▶ _Assignment_: The response must consist of the lines from the one holding "Brake Pad Set, disc brake (1635141580)" through the final line of the entries, given again exactly and without any pictures.

(Short text fragments from websites)
[Start of Attachment]

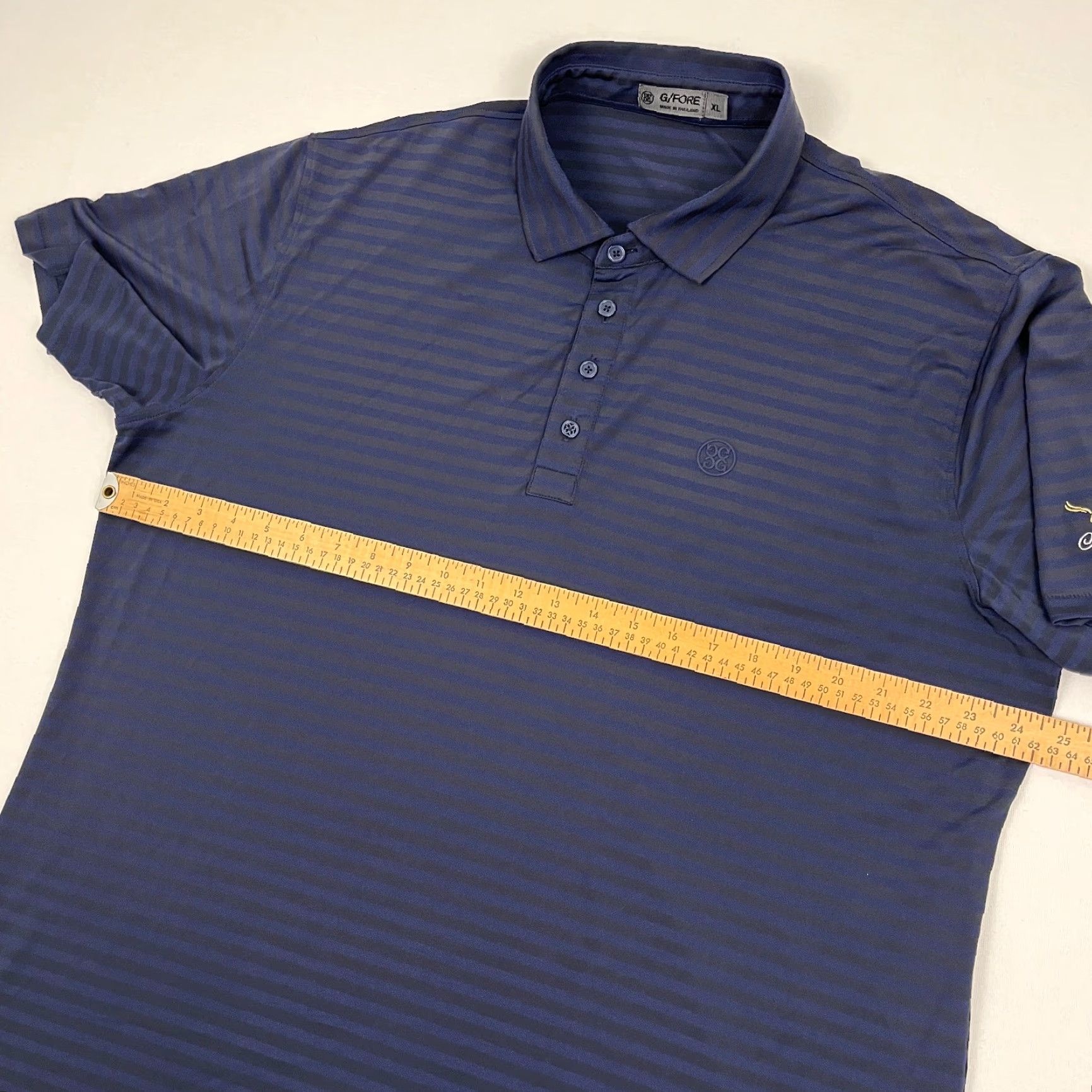 G/FORE G/FORE Polo Shirt Men XL Hartefeld National Country Club Golf Performance Active Size US XL / EU 56 / 4 - 7 Thumbnail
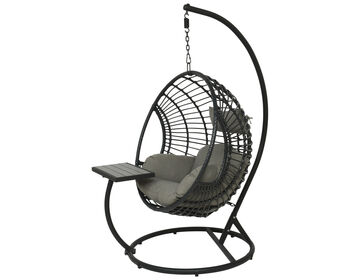 Indoor Outdoor Hanging Egg Chair, 9 of 9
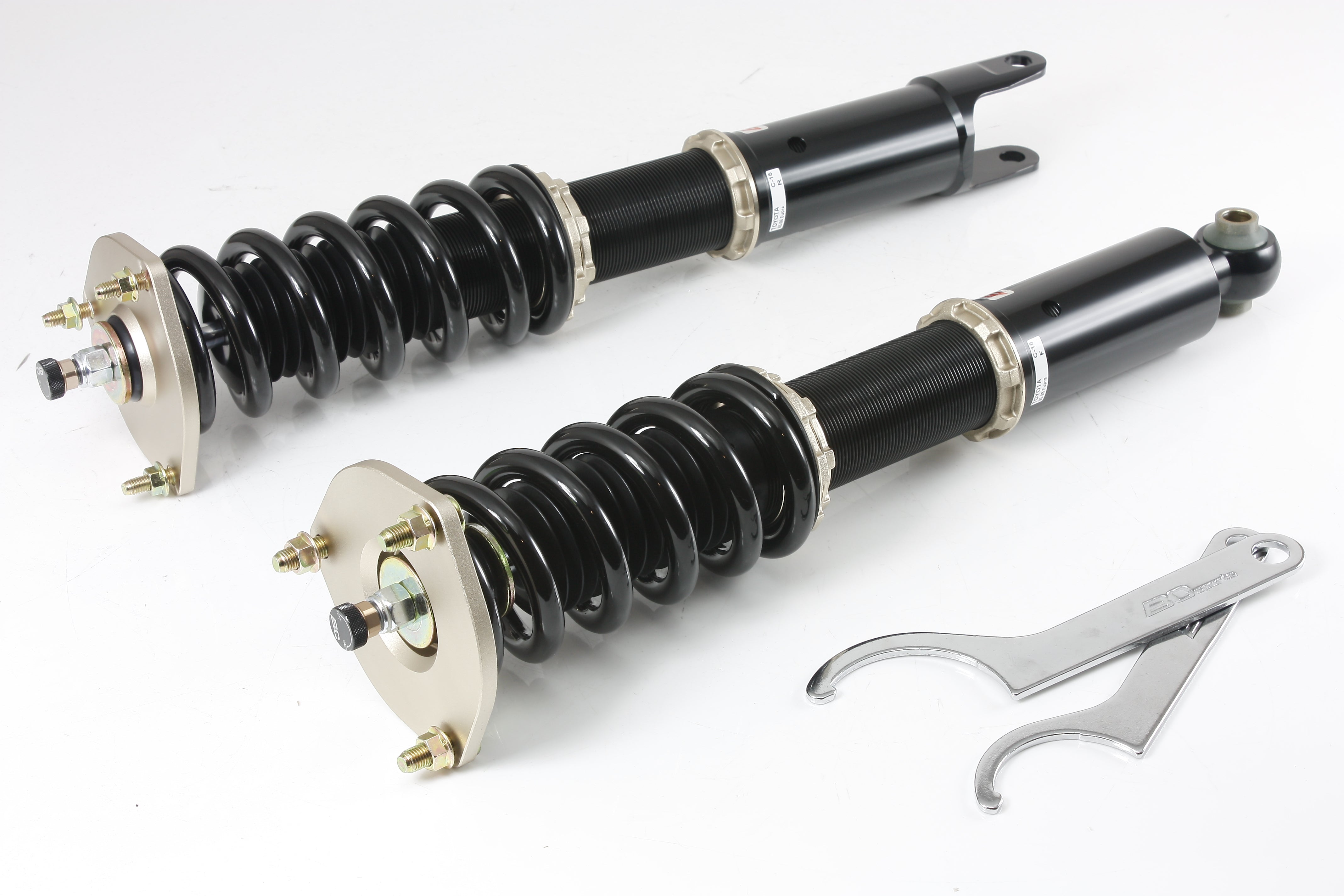Image of Toyota Supra 93-98 / Lexus SC300/400 BC-Racing Coilovers RS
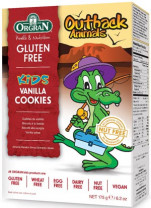 Outback Animals Kids Vanilla Cookies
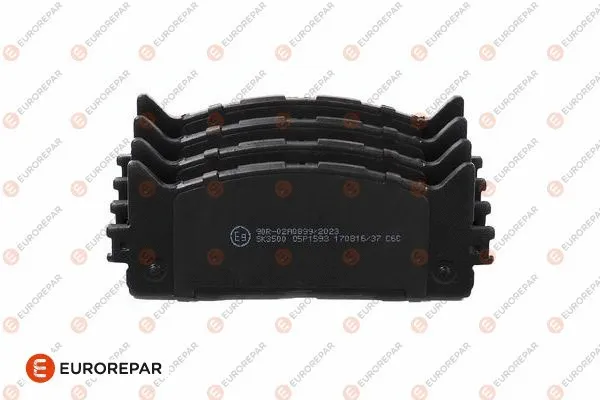 Brake Pad Set, disc brake (1635141580)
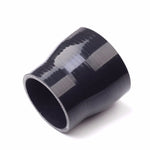 2-2.5" reducer 4-ply black silicone hose turbo/intake/intercooler pipe coupler F1 Racing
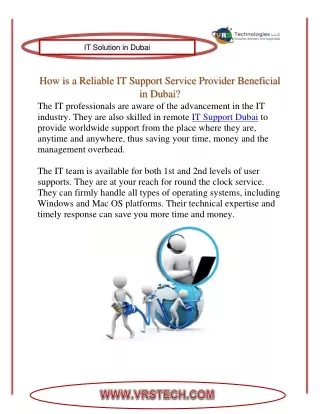 it solution in dubai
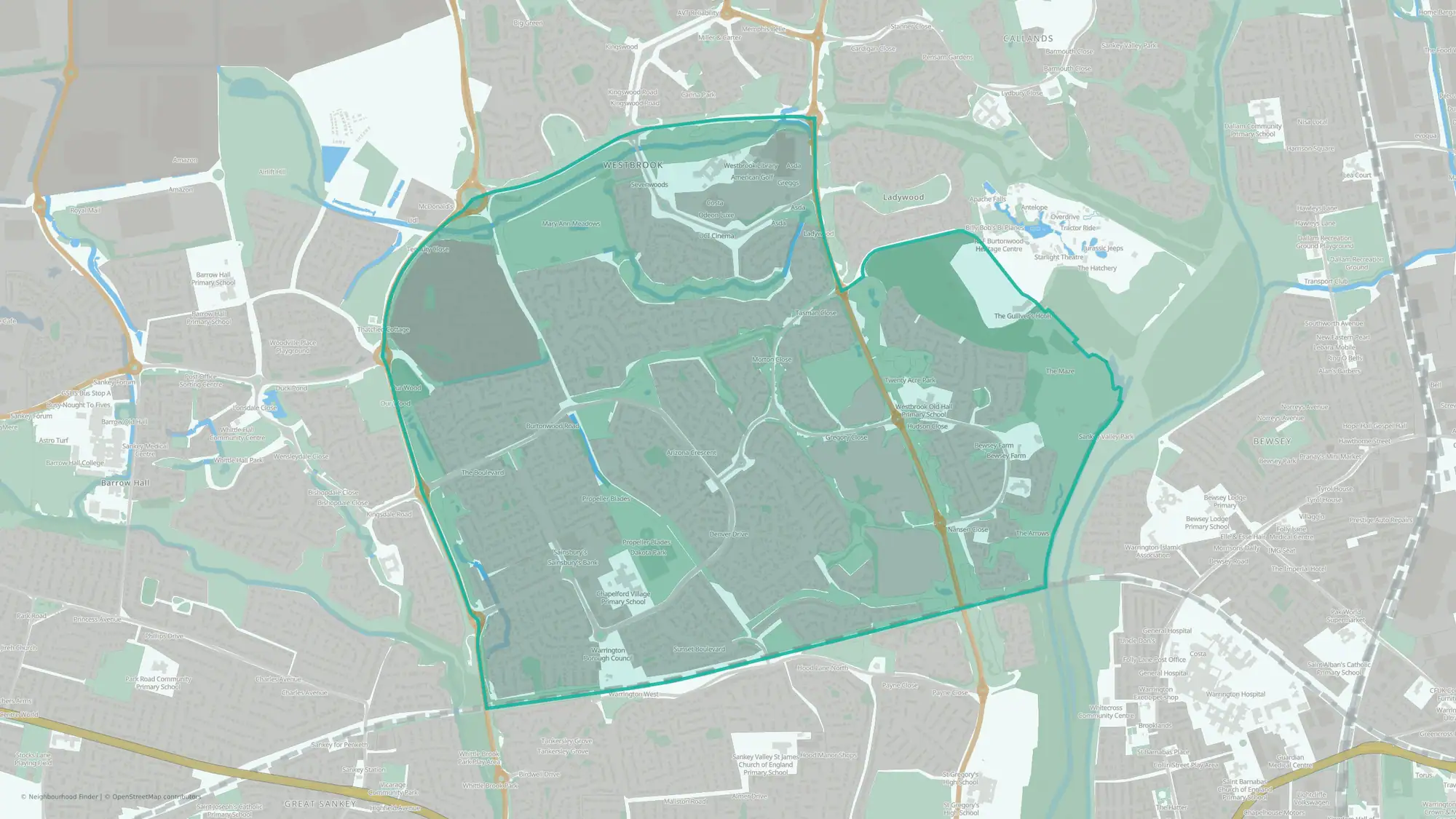 Chapelford & Old Hall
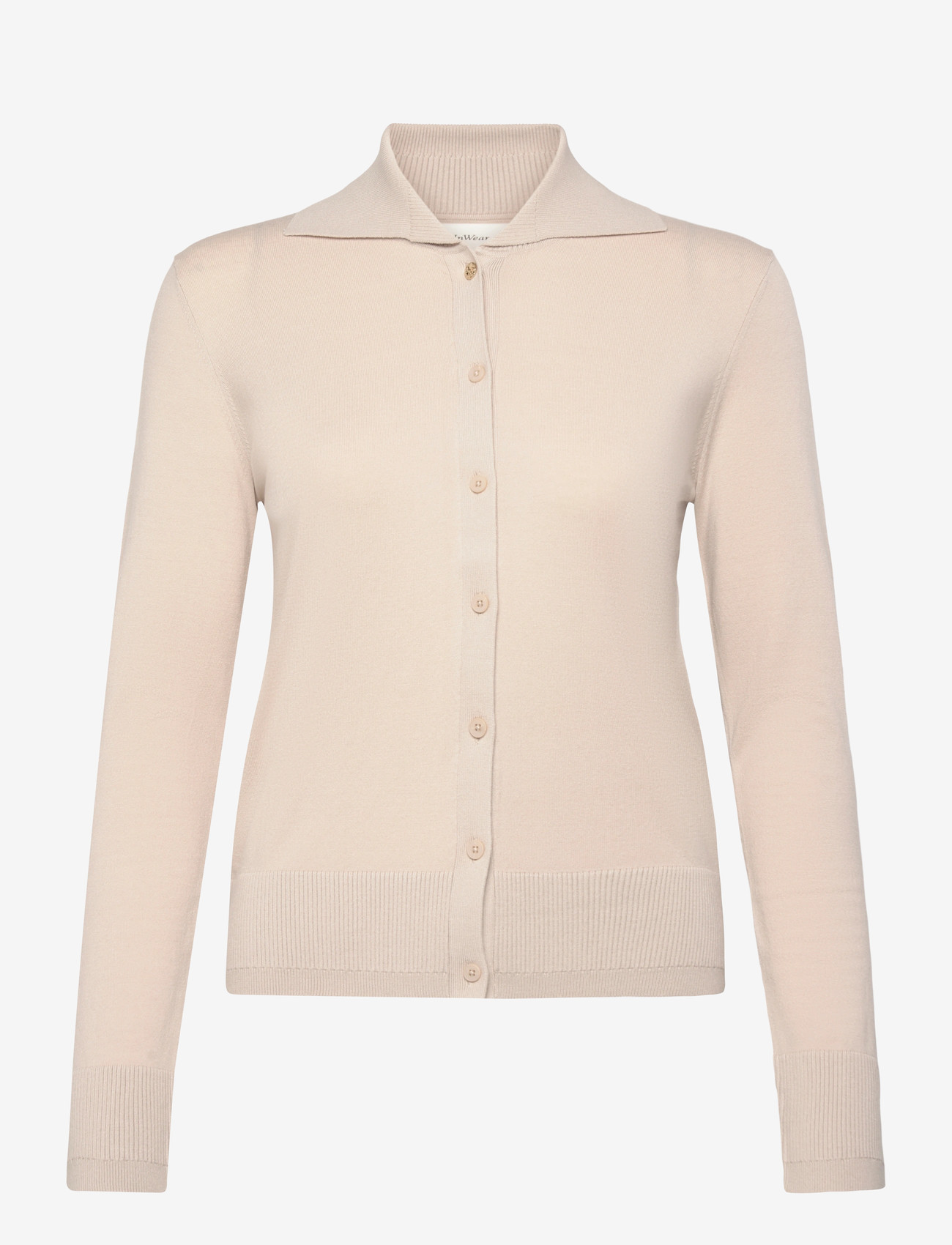 InWear - MIKOIW CORE CARDIGAN - koftor - haze - 0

[End of Attachment]

▶ _Answer space_:
 Brake Pad Set, disc brake (1635141580)
 2-2.5" reducer 4-ply black silicone hose turbo/intake/intercooler pipe coupler F1 Racing
 it solution in dubai
 Chapelford & Old Hall
 InWear - MIKOIW CORE CARDIGAN - koftor - haze - 0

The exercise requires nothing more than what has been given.